The Curse of Growth
“Control your own destiny or someone else will.” — Jack Welch
Hope everyone had a Happy Halloween; in that spirit, how about a tale of horror?
Imagine we’re running a business together (let’s say it’s a cleaning business) and we have ambitions for rapid growth over the next few years.
Starting with some assumptions:
- To get started, we borrow $500 at 10% interest leaving $500 cash in the bank
- Each cleaning crew produces $560 annual revenue and costs $420 per year
- Each crew needs to carry $100 of supplies on average
- The plan is to expand to 15 crews within the next 5 years
- Customers pay us in 60 days on average
- $50 of annual overhead per crew
Here’s my question to you — will we run out of money before hitting our growth goal?
I’ll give you a minute to do some math…
Before I reveal the answer, let’s get to the point of this exercise
Growth consumes cash.
Unless you have a rare business model with negative working capital, this rule is universal and applies to all businesses.
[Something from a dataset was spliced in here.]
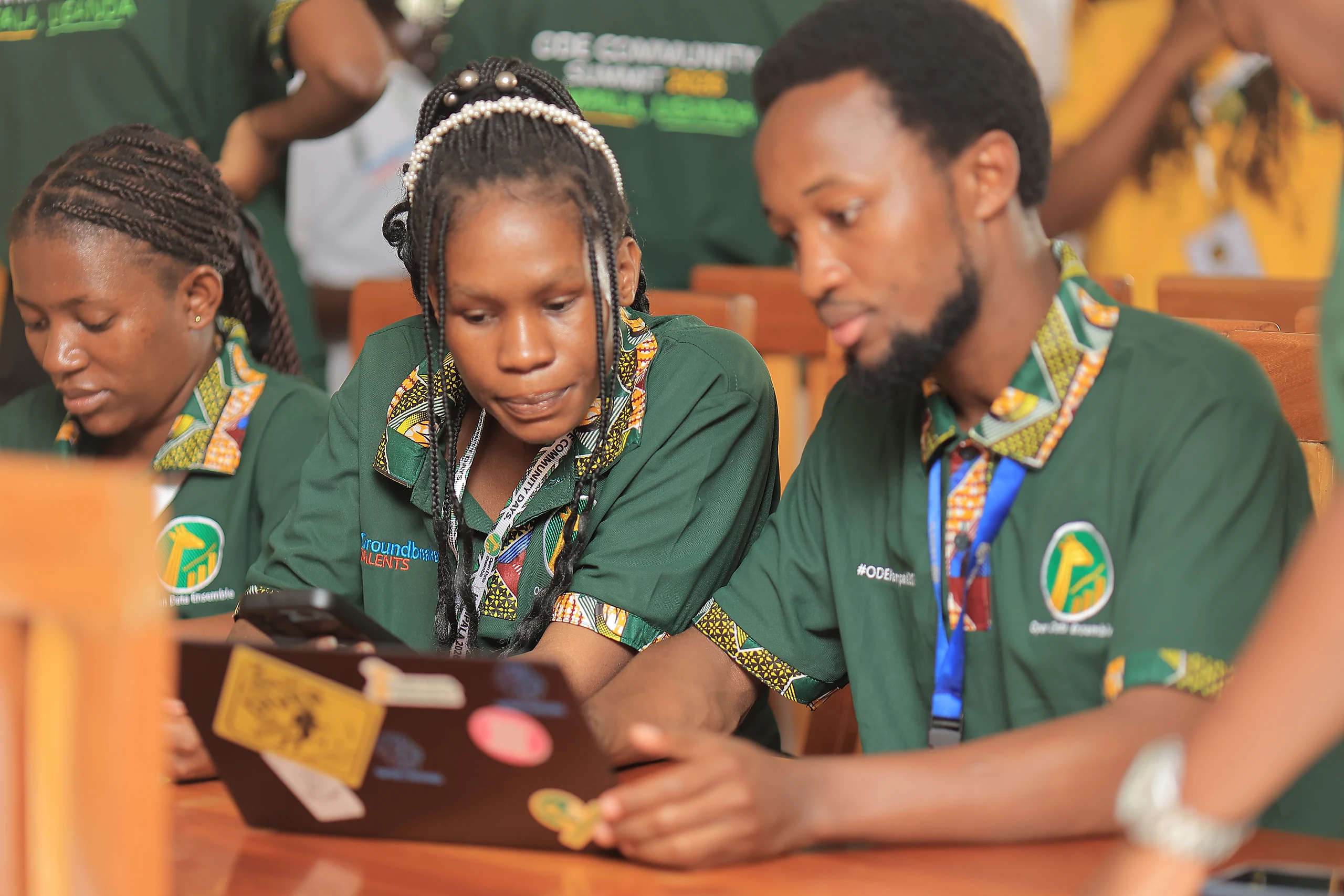 Three participants explore ODE together on a shared laptop.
Service, product, manufacturing, distribution, it doesn’t matter.
Why is that?
Rapid growth requires front-end investment with back-end cash collection. We have to buy inventory, supplies, pay employees, get a bigger warehouse, etc. And we need those things before we can make the next sale. On top of that, sales are collected later, usually a few days to a few months later.
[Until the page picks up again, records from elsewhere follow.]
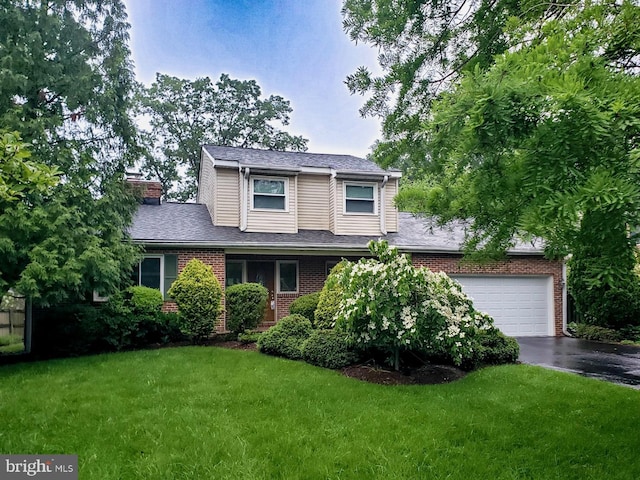 6188 Cobbs Rd, Alexandria, VA 22310 - traditional-style home with asphalt driveway, a front yard, brick siding, and a chimney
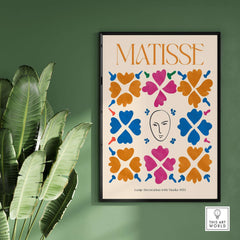 Matisse Art Print - Large Decoration with Masks Floral Pattern Poster displayed on a green wall surrounded by plants.
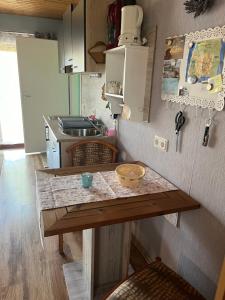 a small kitchen with a table and a sink at Apartment Rotdornblüte in Wustrow +5 photos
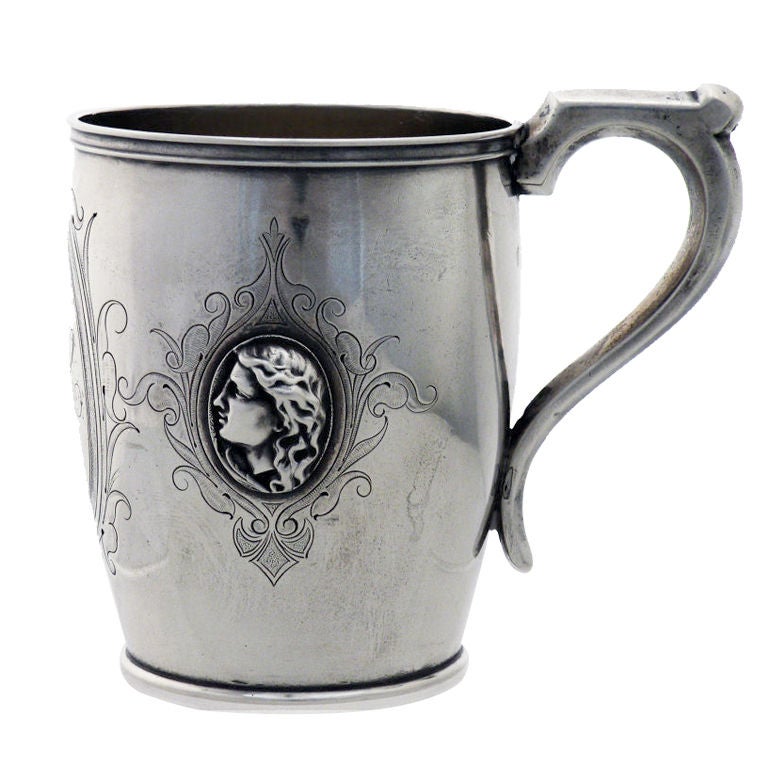 Being offered is a circa 1865 coin silver cup - mug by Peter L. Krider of Philadelphia, the body of the cup finely engraved, with two (2) different applied medallions, the monogram in a central cartouche, with applied lip at to top and bottom, with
So we’re on a perpetual treadmill of pay now, collect later.
Back to our growth question
Remember, we started with $500 in cash. When we hit our target of 15 cleaning crews by year 5, we’re down to $140 in the bank despite $1,300 in profit that year!
We didn’t hit zero, but we certainly feel broke. What gives??

[Note, in this example: Cash = beginning cash plus profit minus A/R increase minus inventory increase]
To support our (much) larger business by year 5, we had to build $1,400 of A/R and $1,500 of supplies. Even though revenue, profit, and margins were growing each year, we were outlaying increasing amounts of cash to fund these assets.
This is the power of growth capital and it’s scary stuff!
So what can you do about this?
First, start monitoring some key indicators:
- Receivables growing faster than sales
- Inventory turning slower
- Payables lagging but not enough to offset
- Constant reliance on line of credit draws
- Low or negative operating cash flow despite profit
More sales and more profit won’t solve this growth problem 100% of the time. If your plan is to grow fast, then you need to plan for additional capital along the way.
This is particularly important for newer, less established businesses that are trying to achieve adequate scale.
Last, we’re only looking at the financial side of this equation. Remember, as you grow you’ll need to onboard more people to your team, create processes, and manage a larger group of customers. Those operational challenges don’t always show up on the financials (when they do, it’s usually through too much overhead).
Aside from raising enough capital to grow, the only way to truly manage this situation is to grow within your means.